Connector assembly TECHNICAL FIELD

The present invention generally relates to the technical field of electrical connectors. In particular, it relates to a connector assembly for establishing an electrical line from a first electrical side to a second and a third electrical side, preferably a power line to an electric motor of a rolling stock, in particular of a train composition or locomotive.

PRIOR ART

Rolling stocks, such as locomotives, need regular maintenance. During the locomotive's stay in the workshop, it is, in some instances, required to energize the electric motor. Normally, a contact to the regular power source is not possible in the workshop. Accordingly, a separate power line has to be established from a second power source to the motor. For that purpose, common solutions implement an array of switches for enabling, in one switch state, a power supply to the electric motor from the regular power source and, in another switch state, a power supply to the electric motor from an alternative power source. The alternative power source may be the mains in the workshop.
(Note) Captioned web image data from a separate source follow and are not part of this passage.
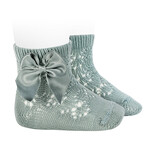 Condor Condor PERLE GEOMETRIC OPENWORK SHORT SOCKS SATIN BOW  GREEN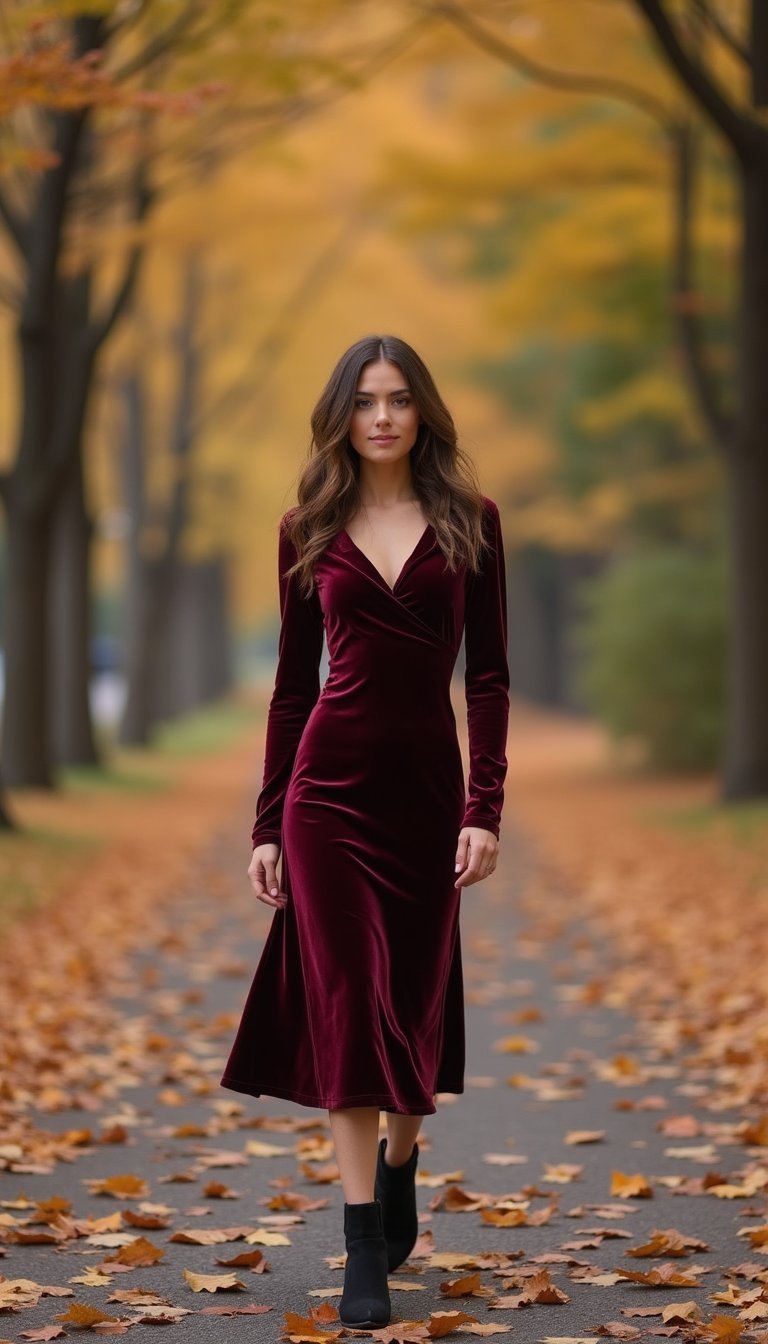 Robe En Velours Riches Pour Mariage Automnal Intime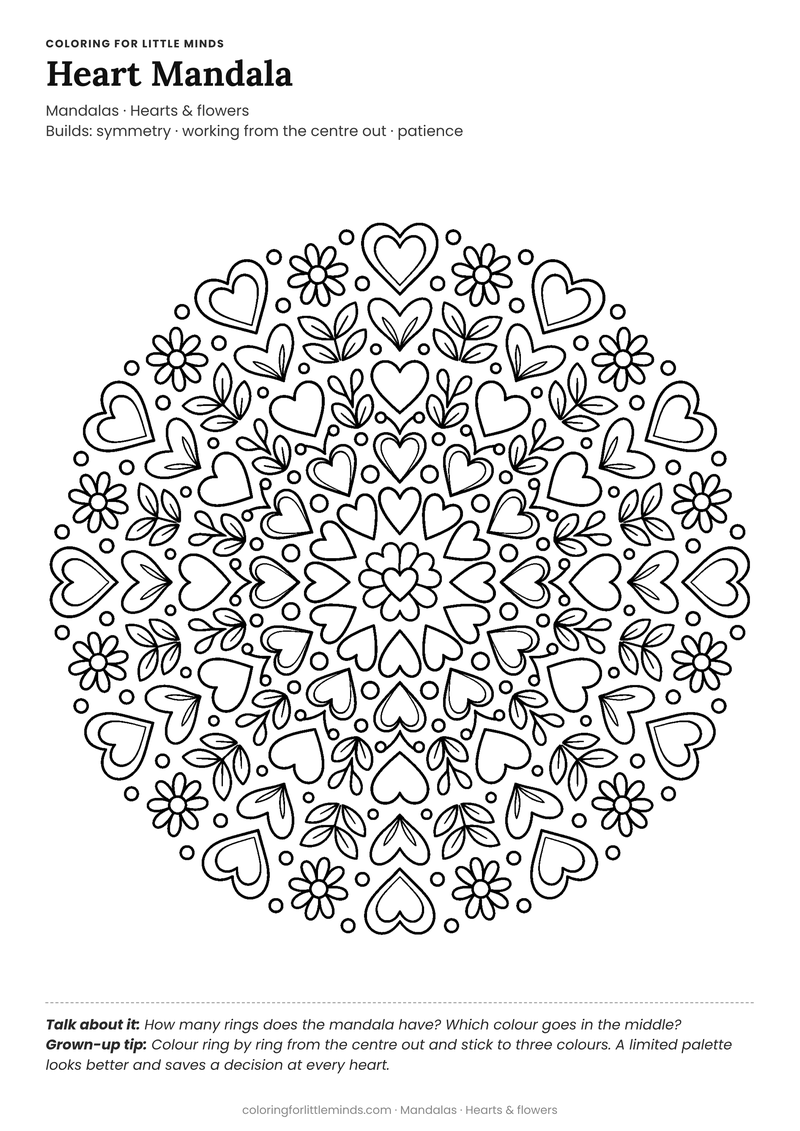 Heart mandala coloring page for ages 6–8 — free full-size printable PDF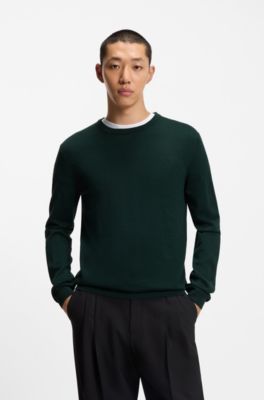 Embroidered-logo sweater in virgin wool, Light Green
The known switching solutions are commonly integrated in the vehicle and therefore add to the latter' s overall weight.

EP 2 665 147 A 1 shows a connecting assembly, wherein all connected lines are connected to one another.

SUMMARY OF THE INVENTIO

It is an object of the present invention to provide an electric connector assembly for connecting a first electric side to either a second or third electric side, preferably an electrical motor of rolling stock, such as a train composition or locomotive, to either of two different power sources, wherein the connector assembly is lighter.
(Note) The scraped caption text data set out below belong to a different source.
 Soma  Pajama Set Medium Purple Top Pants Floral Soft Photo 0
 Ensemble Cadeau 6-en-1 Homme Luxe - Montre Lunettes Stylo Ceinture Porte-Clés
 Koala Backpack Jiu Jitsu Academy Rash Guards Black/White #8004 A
This object is achieved by a connector assembly with the features of claim 1. Accordingly, a connector assembly for connecting a first electrical side either to a second or to a third electrical side is suggested

wherein the connector assembly is configured to electrically connect at least one first electrical line to at least one second or one third electrical line, wherein the first electrical line is electrically connected to the first electrical side, the second electrical line is electrically connected to the second electrical side, and wherein the third electrical line is connected to the third electrical side;

wherein the connector assembly comprises a coupling part, the coupling part being configured to accommodate first and second end portions of the first and second electrical lines, respectively, so that the first and second end portions are accommodated in said coupling part in an electrically isolated manner from one another, characterized in that the connector assembly comprises at least or exactly two counterparts each for engagement along an engagement axis with said coupling part,

wherein a first counterpart of the at least or exactly two counterparts is configured to electrically connect, in engagement position with the coupling part, the first and second end portions of the first and second electrical lines, respectively, to one another so as to electrically connect the first and second electrical side to one another,

wherein a second counterpart of the at least or exactly two counterparts is configured to accommodate a third end portion of said third electrical line and is further configured to connect, in engagement position with the coupling part, the first and third electrical lines to one another so as to electrically connect the first electrical side and the third electrical side to one another.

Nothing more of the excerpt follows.